__Exercise prompt__
Output the full listing below exactly; the images stay out.
-- Given information follows --
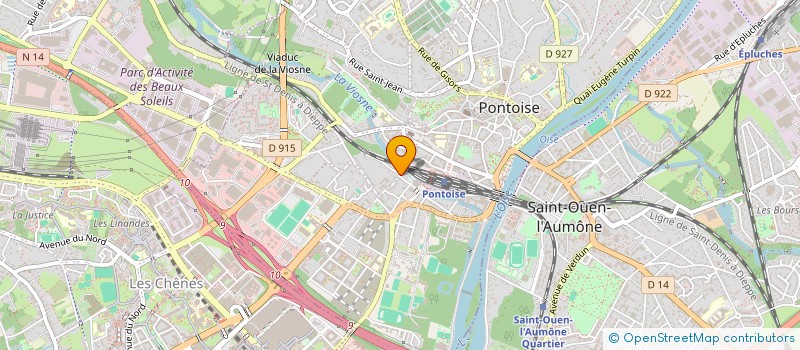 localisation de l'entreprise SCI AIDA  PONTOISE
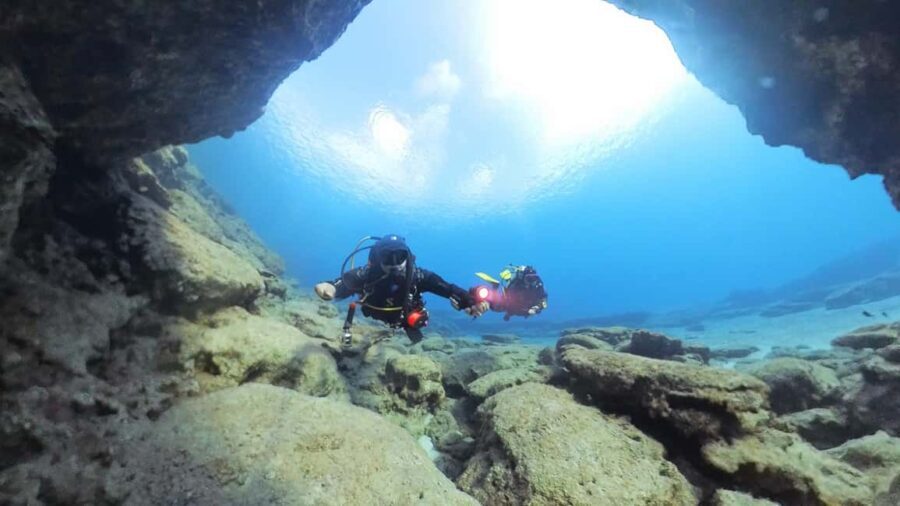 Scuba Diving - Tunnels & Caves - Cape Greco - private guided - Itinerary Breakdown and Experience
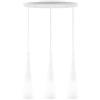 Ideal Lux Milk SP3 Lampada a Sospensione, Vetro, Bianco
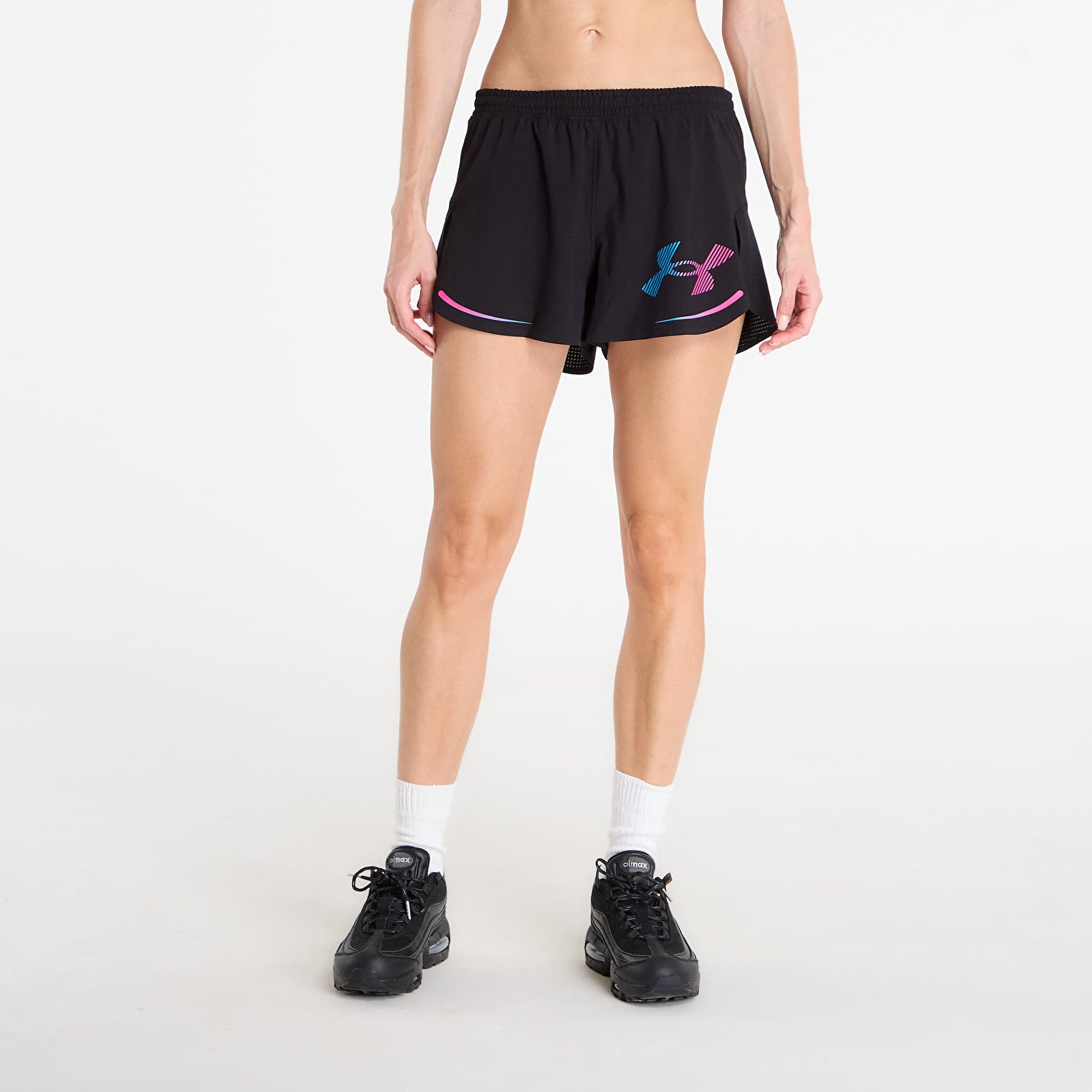 Naisten shortsit Under Armour Velociti Elite Shorts Black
-- Given information concluded --
__Answer box__
 localisation de l'entreprise SCI AIDA  PONTOISE
 Scuba Diving - Tunnels & Caves - Cape Greco - private guided - Itinerary Breakdown and Experience
 Ideal Lux Milk SP3 Lampada a Sospensione, Vetro, Bianco
 Naisten shortsit Under Armour Velociti Elite Shorts Black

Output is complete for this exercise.